Sejarah Penentuan Tahun Baru Hijriah
sejarah
digunakannya sistem perhitungan tahun Islam bermula sejak kejadian di
masa Umar bin Al-Khattab r.a.
Salah satu riwayat menyebutkan yaitu ketika khalifah mendapat surat balasan
yang mengkritik bahwa suratnya terdahulu dikirim tanpa angka tahun. Beliau
lalu bermusyawarah dengan para shahabat dan singkat kata, mereka pun berijma’
untuk menjadikan momentum tahun di mana terjadi peristiwa hijrah Nabi saw. sebagai
awal mula perhitungan tahun dalam Islam.
Sedangkan
sistem kalender qamariyah berdasarkan peredaran bulan konon sudah dikenal oleh
bangsa Arab sejak lama. Demikian juga nama-nama bulannya serta jumlahnya yang
12 bulan dalam setahun. Bahkan mereka sudah menggunakan bulan Muharram sebagai
bulan pertama dan Dzulhijjah sebagai bulan ke-12 sebelum masa kenabian.
Sehingga yang
dijadikan titik acuan hanyalah tahun dimana terjadi peristiwa hijrah Nabi saw..
Bukan bulan dimana peristiwa hijrahnya terjadi.

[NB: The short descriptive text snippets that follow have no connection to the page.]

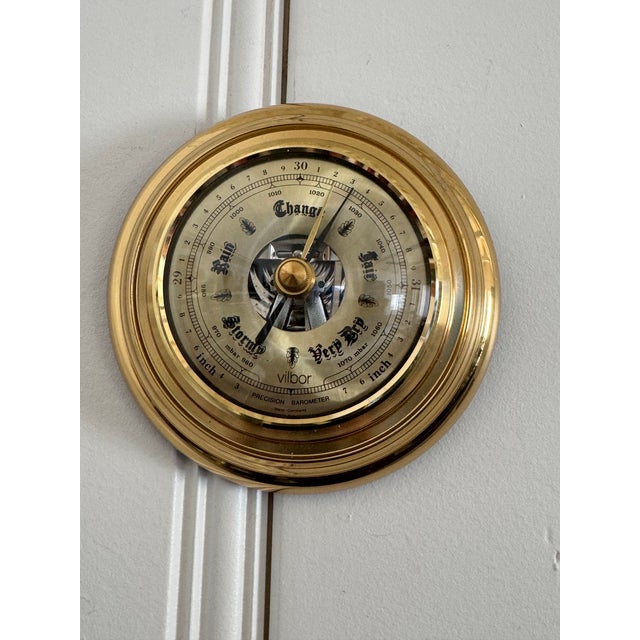 A vintage precision barometer by Vilbor, made in West Germany, featuring a classic brass case and a detailed, easy-to-read...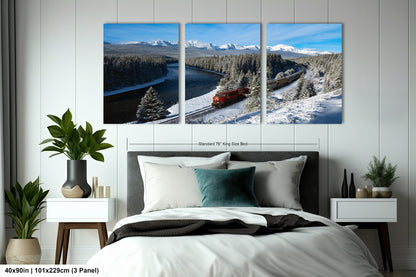 The image is a large, three-panel print depicting a snowy mountain landscape with a train traveling through it.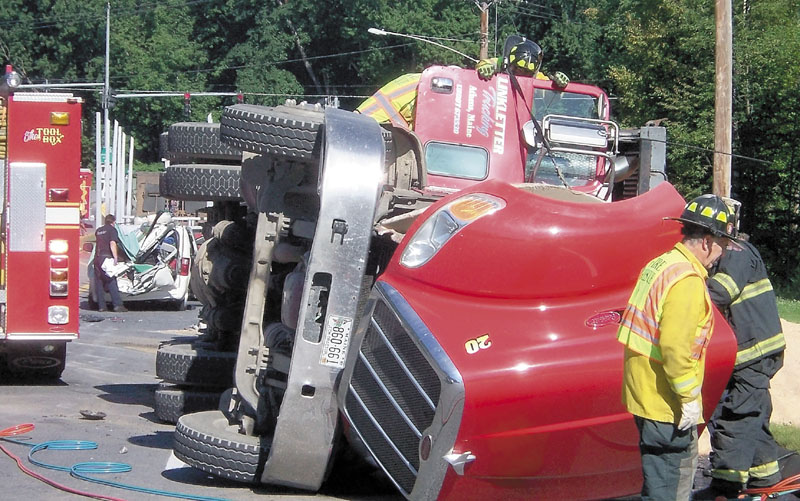 DEADLY CRASH: Emergency responders work at the scene of a fatal crash involving a tractor-trailer and a minivan Aug. 17 in Farmington. Franklin County authorities said Tuesday that the driver of the truck, Charles Willey, 53, of Dexter, will not face charges for the incident.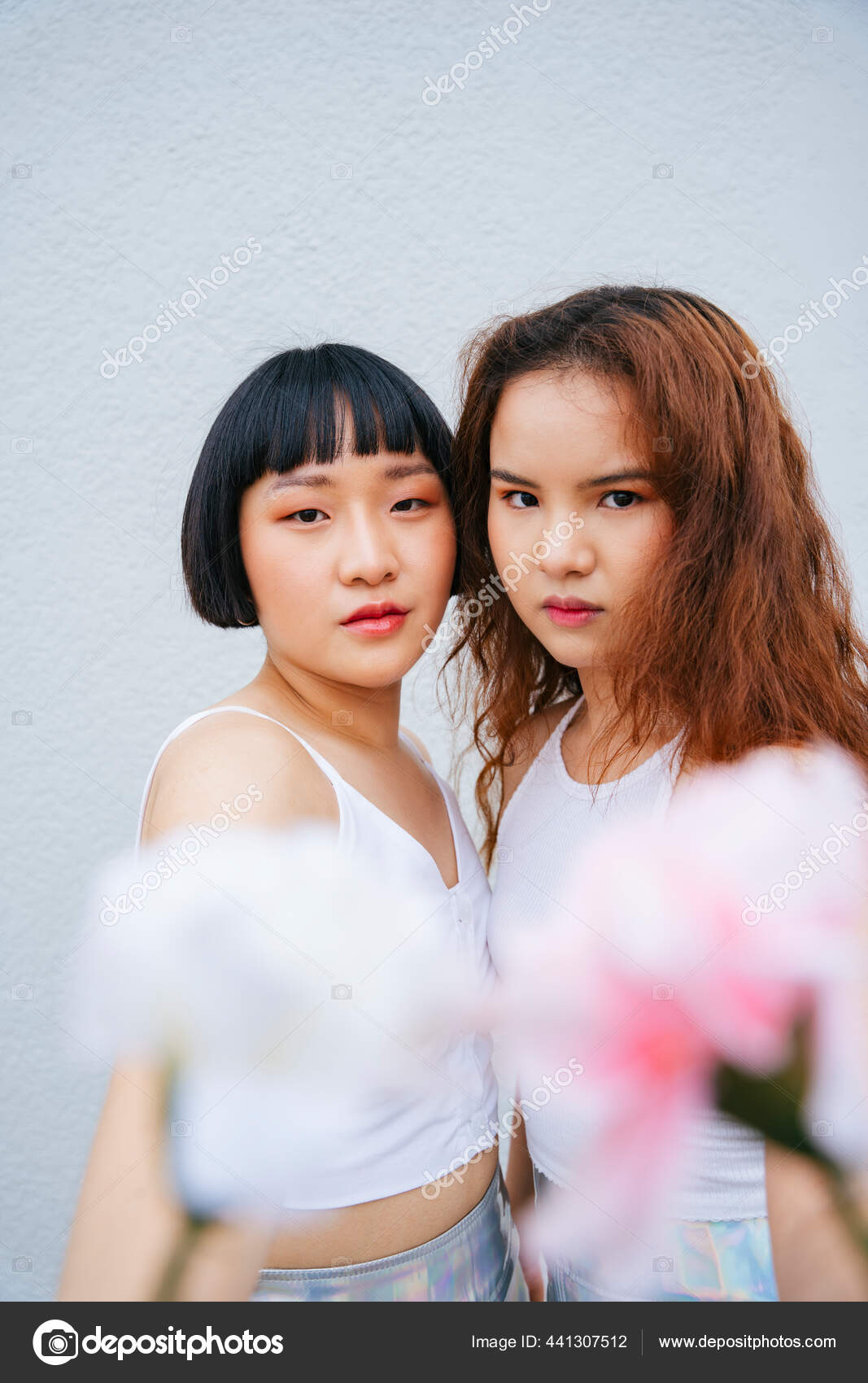 Portrait Two Young Asian Women Wear White Vest Holding Flowers Stock Photo by ©theshots.contributor@gmail 441307512 image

Sebab menurut riwayat, beliau
dan Abu Bakar r.a.hijrah ke Madinah pada bulan Sya’ban, atau bulan Rabiul Awwal
menurut pendapat yang lain, tapi yang pasti bukan di bulan Muharram. Namun
bulan pertama dalam kalender Islam tetap bulan Muharram.
Alasan Muharram Dijadikan Bulan Pertama
Penting untuk
dicatat disini adalah pilihan para shahabat menjadikan peristiwa hijrah nabi
sebagai titik tolak awal perhitungan kalender Islam. Mengapa bukan berdasarkan
tahun kelahiran Nabi saw.? Mengapa bukan berdasarkan tahun beliau diangkat
menjadi Nabi? Mengapa bukan berdasarkan tahun Al-Qur’an turun pertama
kali? Mengapa bukan berdasarkan tahun terjadinya perang Badar? Mengapa bukan
berdasarkan tahun terjadinya pembebasan kota Mekkah? Mengapa bukan berdasarkan
tahun terjadinya haji Wada’ (perpisahan) dan mengapa bukan berdasarkan tahun
meninggalnya Rasulullah saw.?
Jawabannya
adalah karena peristiwa hijrah itu menjadi momentum di mana umat Islam secara
resmi menjadi sebuah badan hukum yang berdaulat, diakui keberadaannya secara
hukum international. Sejak peristiwa hijrah itulah umat Islam punya sistem
undang-undang formal, punya pemerintahan resmi dan punya jati diri sebagai
sebuah negara yang berdaulat. Sejak itu hukum Islam tegak dan legitimate, bukan
aturan liar tanpa dasar hukum. Dan sejak itulah hukum qishash dan hudud seperti
memotong tangan pencuri, merajam/mencambuk pezina, menyalib pembuat huru-hara
dan sebagainya mulai berlaku. Dan sejak itulah umat Islam bisa duduk sejajar dengan
negara/kerajaan lain dalam percaturan dunia international.
Kondisi itu
terus berlangsung hingga umat Islam melewati masa-masa yang panjang setelah
wafatnya beliau, masa khualfaur-rasyidin, masa khilafah Bani Umayyah, Bani
Abbasiyah dan masa khilafah Bani Utsmani. Wilayahnya membentang dari Maroko
hingga Marauke di mana separuh bulatan muka bumi menjadi sebuah negeri yang
satu, daulah Islamiyah.
Hingga
kemudian semua itu berakhir pada abad 20 Masehi (abad 14 hijriyah) dengan
ditumbangkannya khilafah Turki Utsmani pada tahun 1924 oleh Musthapa Kemal
Ataturk. Seorang pemimpin boneka yang bekerja di bawah perintah zionis Yahudi
dan konspirasi jahat international. Seiring dengan tumbangnya khilafah
Islamiyah terakir, umat Islam yang berjumlah 1,5 milyar di muka bumi ini tidak
lagi punya satu pemimpin, tidak punya badan hukum dan tidak punya khilafah.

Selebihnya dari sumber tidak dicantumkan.